Sonuçta vasat bir işte çalışıp, geçim derdi içinde vasat bir hayat sürmeyen insanlar, kendilerini geliştirebilmek için okullara, kurslara, özel eğitimlere akın ettiler. En zekiler, en çalışkanlar seçildi, diğerleri sınavlarda elendi.

İnsanların amacı oldukça anlaşılır. Daha iyi bir iş, daha çok itibar, daha çok gelir ve daha huzurlu bir hayat. Ancak yaptıkları, kendilerini parlatıp, paketleyip büyük işletmelere pazarlamaktan daha öte değildir. Tam olarak budur, kendini satmak.

Ancak insanlar okullarda, kurslarda, özel eğitimlerde en değerli zamanlarını, gençliklerini heba ettiler. Okuldan çıkıp, kurslara koşturdular. Geçilmesi gereken sınavlar vardı, öğrenilmesi gereken çok şey vardı, ve öne geçmek gerekliydi, öne geçmeliydi ki, iş görüşmelerinde patronların önüne daha süslü bir paketle kendilerini sunabilsinler.

İnsanlar günlerinin çok az bir kısmını kendilerine, arkadaşlarına, sevdiklerine, ailelerine ayırabilir oldular. Üstelik eğitim hayatı bittiğinde bu çile de bitmiyordu. Patronlar sizin paketinizi beğenmiş ve sizi işe almış olabilirlerdi, ancak hala daha iyi olabilirdiniz. Yoksa yerinize geçmek için can atan binlerce insan vardır. Üstelik kendilerini daha geliştirmek için gece gündüz çalışmaktadırlar. Bu da yetmezmiş gibi, patronlar bir kişiden eskiden on kişiden beklediklerini bekler oldular. İnsanlar kariyer yapacağım, işimde yükseleceğim diye, eve iş taşır oldular. Sonuçta kazanıyorlar, çok para kazanıyorlar. İyice yaşlanıp artık hayattan o kadar zevk alamaz hale gelene kadar, yani emekliliklerine kadar harcayacak, tadını çıkaracak pek de zamanları olmayacak olan paraları kazanıyorlar. İçinde her gün birkaç saat ancak geçirebildikleri pahalı evler, çoğunlukla işe gidip gelirken kullanacakları pahalı arabalar alıyor ve mutlu oluyorlar.

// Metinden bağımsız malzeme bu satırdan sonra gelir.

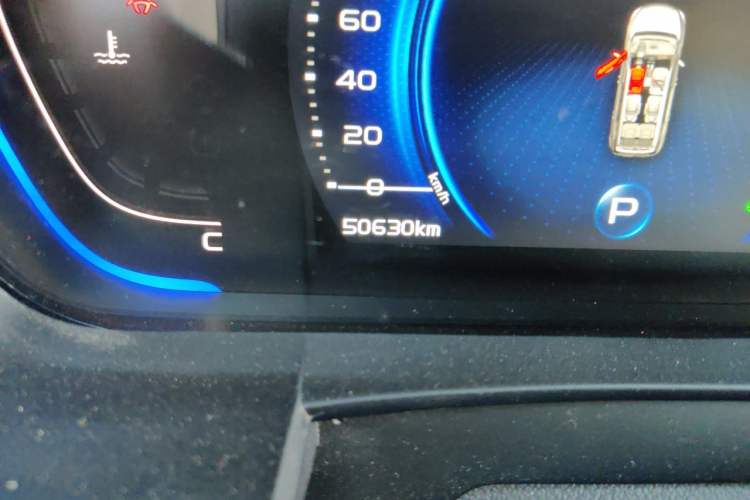 Used Geely Auto Jiajie 2022 1.8TD DCT Platinum Luxury Edition Odometer Close Up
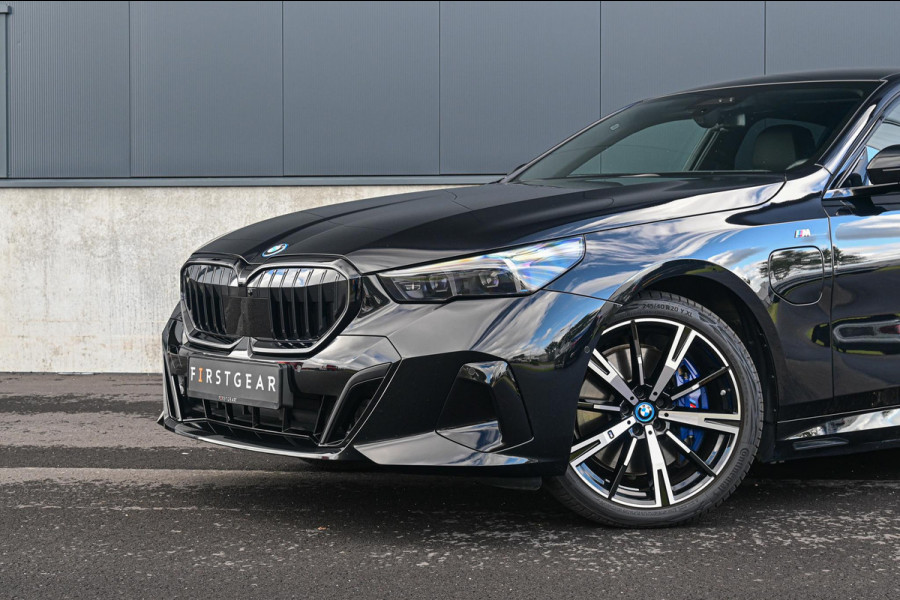 BMW 5 Serie 550e xDrive *M-Sport Pro / Harman Kardon / Panorama / Memory / Stoelventilatie / Surround View*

Bu insanların çocukları anne ve babalarından çok bakıcılarının yüzünü görerek büyüyor. Hatta bu insanların azımsanamayacak bir kısmı evliliğe fırsat bulamadan iyice yaşlanıyor. Sonuç mu, başarı dolu ama yaşanmamış bir hayat. Yarış atı gibi en öne geçmek için yırtınarak geçmiş koskoca bir hayat. İnsanı mutlu eden hemen her şeye pek az zaman ayırarak, pek az arkadaşla, kopma noktasına gelmiş, resmileşmiş aile bağlarıyla, ve yalnızlıkla dolu bir hayat.

Bu sistem, yani kapitalizm insanı sömürüyor. Bu bir tür köleleştirmektir. Sizden çalınan zamanlarınızın, aslında paha biçilemez olduğunu ancak yaşlandığımızda, o da belki anlayabileceğiz.

Bu sistemin hiç mi faydası yok. Ellbette var, toplumu daha bilgili, daha bilinçli, daha kaliteli hale getiriyor. İnsan kalitesini yükseltiyor ve ortaya kısacık ömürlerini çar çur eden kaliteli insanlardan oluşan toplumlar çıkıyor.